八
腕が痛む。
バインドは閉じていた目を開き、痛む腕に視線を落とした。
右ではなく、左。
骨が、微かに軋んでいる。
「……勘弁しろよ。左までいかれたら洒落にならねぇ」
抗議の言葉を聞き入れたのか、痛みはすぐに治まった。
肩を竦めて立ち上がる。視界を巡らせたが、子供の姿は見当たらなかった。
先程一度起きた時にも姿は無かった。目を覚ませばそこにいるのが、ここのところずっと続いていた。何を言う訳でもなく、ただバインドが視線を向けると嬉しそうに笑う。
ただそれだけの事に、いつの間にか慣れてしまっている自分に気付き、バインドは呆れたように嗤った。
ふらりと歩き出す。
特に意識した訳ではなかったが、気の赴くまま、バインドは森の外に向かって足を進めた。
薄暗い森から出ると、明るい陽射しが身体を包む。
久しぶりに受ける遮るもののないその光に、バインドは眼を細めた。
この森に入ってから、既に十日余りが経過している。これまでなんと言う事も無く、ただ赴くままに居場所を変えて彷徨ってきたが、この森は悪くは無い。暫くはここに留まっても良かった。
石畳の敷き詰められた街道のすぐそこに、アス・ウィアンの街が見える。街道は街の横を抜けて、更に南へ、王都へと続いているはずだ。
今更そこに興味も無いが。
ふと、街の門の前が騒がしい事に気付き、バインドは視線を向けた。
その眼が、ゆっくりと細められる。
門の前に人だかりができているのが見て取れた。
石畳の上に降り、バインドは門に向かって歩き出した。
嗅ぎ慣れた匂いが風に交じる。
幾度と無く、数え切れないほど自分の手で流した、血の匂いだ。
門の前まで歩み寄り、人だかりを押しのけてその中心に出ると、バインドは足を止め、それを見下ろした。
石畳の隙間に、流れたばかりの血が染み込んでいく。
割れた壜から零れた紅い液体に混じり、僅かに陽光を弾いていた。
「はぁー」
溜息にも似たそれは、どこか感心しているようにすら響いた。
ざわめく人だかりに構わず、バインドは爪先で子供の身体を転がし、仰向けた。
見開かれた緑の瞳には、既に生命の欠片すらない。痩せた身体のあちこちに、ひどく殴られた痕が見える。骨もいくつか折れているのだろう。

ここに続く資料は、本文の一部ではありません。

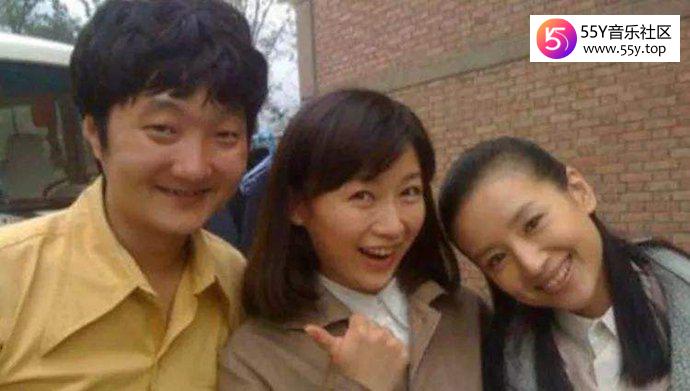 董洁王大治路边激吻震惊全网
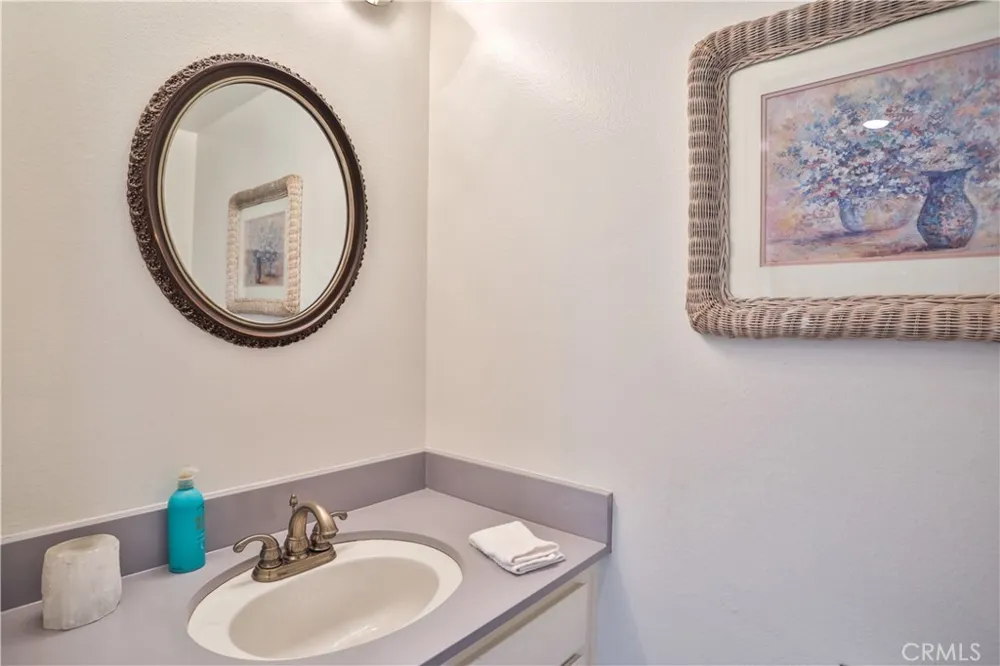 672 Greendale Lane Pomona, CA 91767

だが致命傷は背中の太刀傷だ。血がここに大量に散っている。ここまで逃げてきて斬られたか、運ばれて斬られたか。
どちらにしろ、自分いた森までは、そう距離はない。
バインドはすぐ背後に生い茂る森を眺めた。
(――俺の名でも、呼んだか?)
足元の身体を見下ろし、それが出来るはずのない事に気付いて、小さく嗤った。
「クク……名なんざ知らねぇか」
バインドも、子供の名前など知らない。
耳元で煩く喚く声に気付き、バインドは漸く視線を上げた。
そういえば先程から、数人が何かを喚いている。外見からすると、この街の衛兵だ。
「おい、貴様、このガキの仲間か?」
衛兵達はふらりと現れた男の姿を、どこか薄気味悪そうに眺めた。その右腕が無い事に気付き、眉を顰める。
バインドは黙ったまま、彼らに視線を向けた。
武装した衛兵達が、何かに圧されるように、数歩後退る。だが目の前にいるのは、粗末な服を纏っただけの、武器すら持たないただの男だ。
衛兵達は羞恥を押し隠すように殊更に声を上げ、改めてバインドを取り囲んだ。
「仲間かと聞いている!」
「名を名乗れ!」
鬱陶しそうに彼らを眺め渡し、バインドは再び視線を落とした。
ふと、口元に笑みを浮かべる。
「俺の名か。――そうだな」
教えておいてやってもいい。
最早意味も無い話だが。
「――バインド。フレイ・バインドだ」
焔が一筋走り、子供の身体を包み込む。
呑まれたように立ち尽くしている人々を尻目に、バインドは踵を返した。